There are functions for reading a single value, an array of values, a single null-terminated UTF-8 string (which should also work with ASCII strings), and an array of null-terminated strings terminated by another null byte.

Functions preserve the lifetime of the underlying data. These functions are memory safe, although this is in part based on the assumption that the client only implements the unsafe trait Pod where safe to do so.

Functions assert that the provided data is large enough and aligned. The string functions check that strings are valid UTF-8. There is no checking that the provided input will produce a valid object (for example, an enum has a valid discriminant). The user must assert this by implementing the trait Pod.

There are also unsafe versions of most functions which do not require the return type to implement Pod and which do no checking.

Structs

Iterates over self.data, yielding strings (null-terminated in self.data). See read_strs_to_null.

Traits

Implementing this trait means that the concrete type is plain old data (POD).
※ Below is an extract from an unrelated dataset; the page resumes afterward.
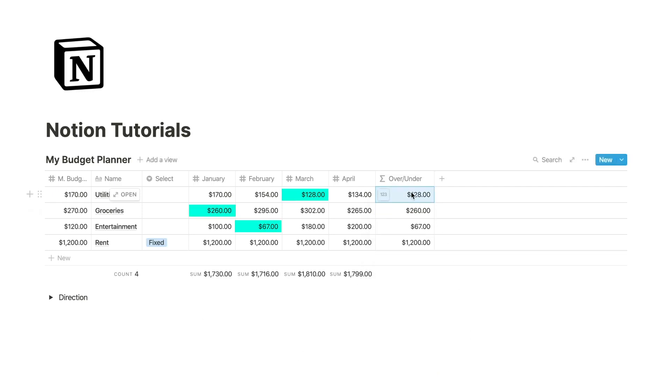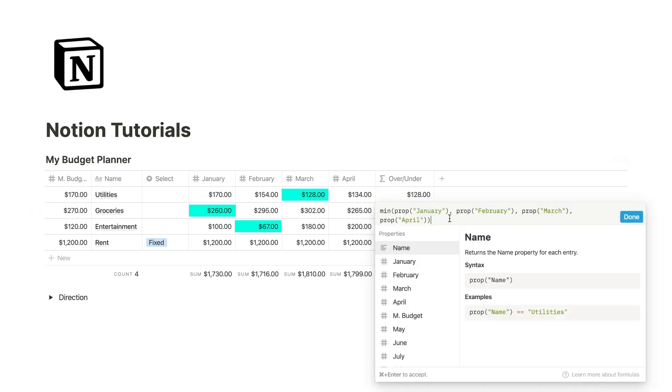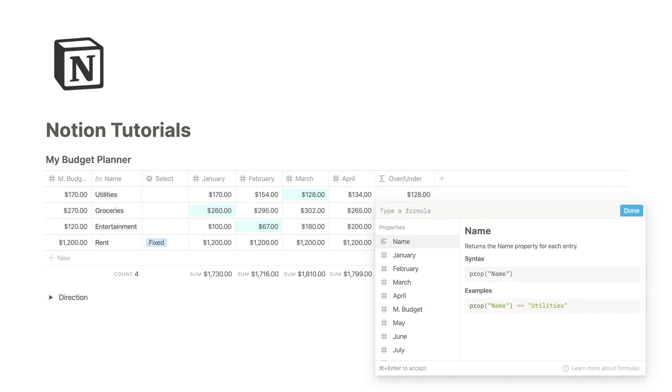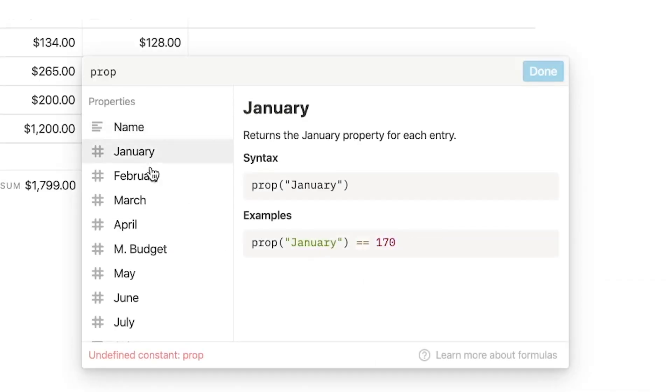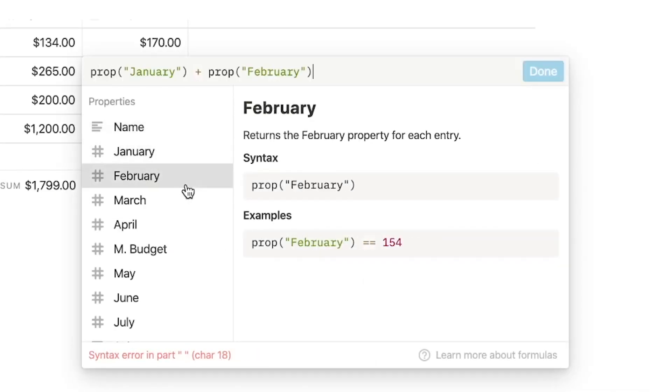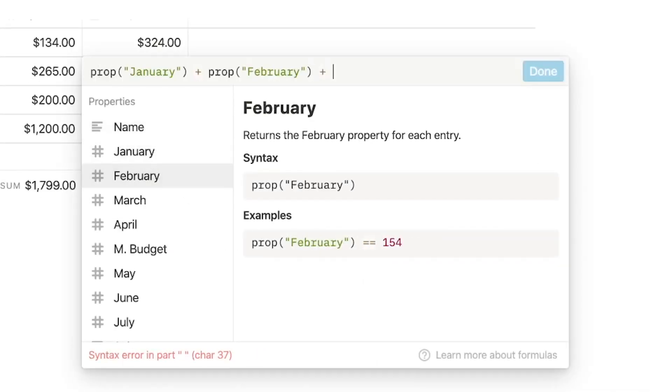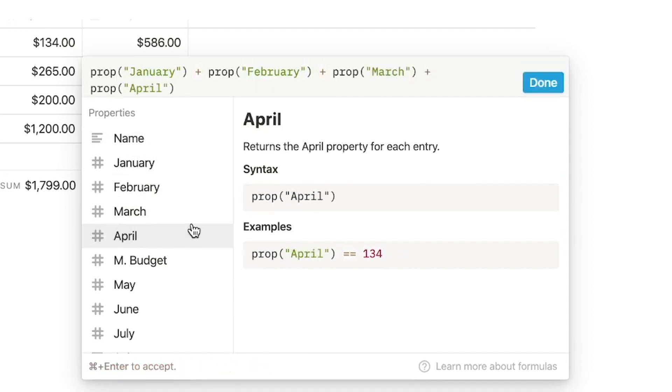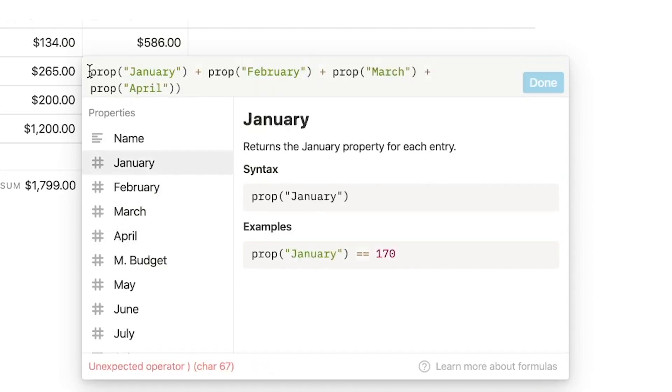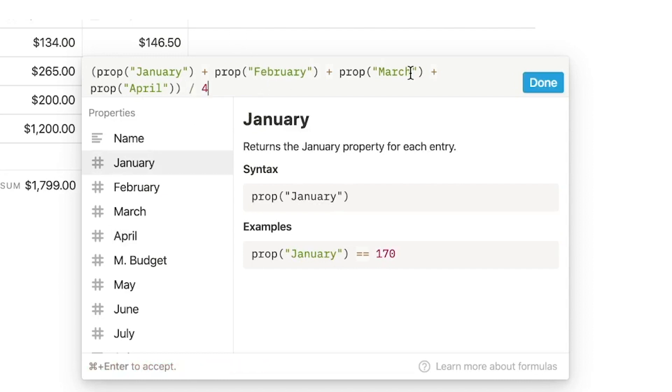Now I want to find the average of these four months. So I'm going to go prop January plus February plus March plus April, close this out in its own bracket and divide by four.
Precisely, by implementing Pod the programmer asserts that it is safe to read the type from binary slices provided to read, etc.

Functions

Reads a single T from input.
Read an array of Ts from input.
Reads an array of Ts from input with no checks.
Read a string from input. The string must be a null-terminated UTF-8 string. Note that an ASCII C string fulfills this requirement.
Reads a null-terminated string from input with no checks.
Returns an iterator which will return a sequence of strings from input. Each string must be a null-terminated UTF-8 string. The sequence of strings is terminated either by a second null byte, or the end of input.
Reads a T from input with no checks.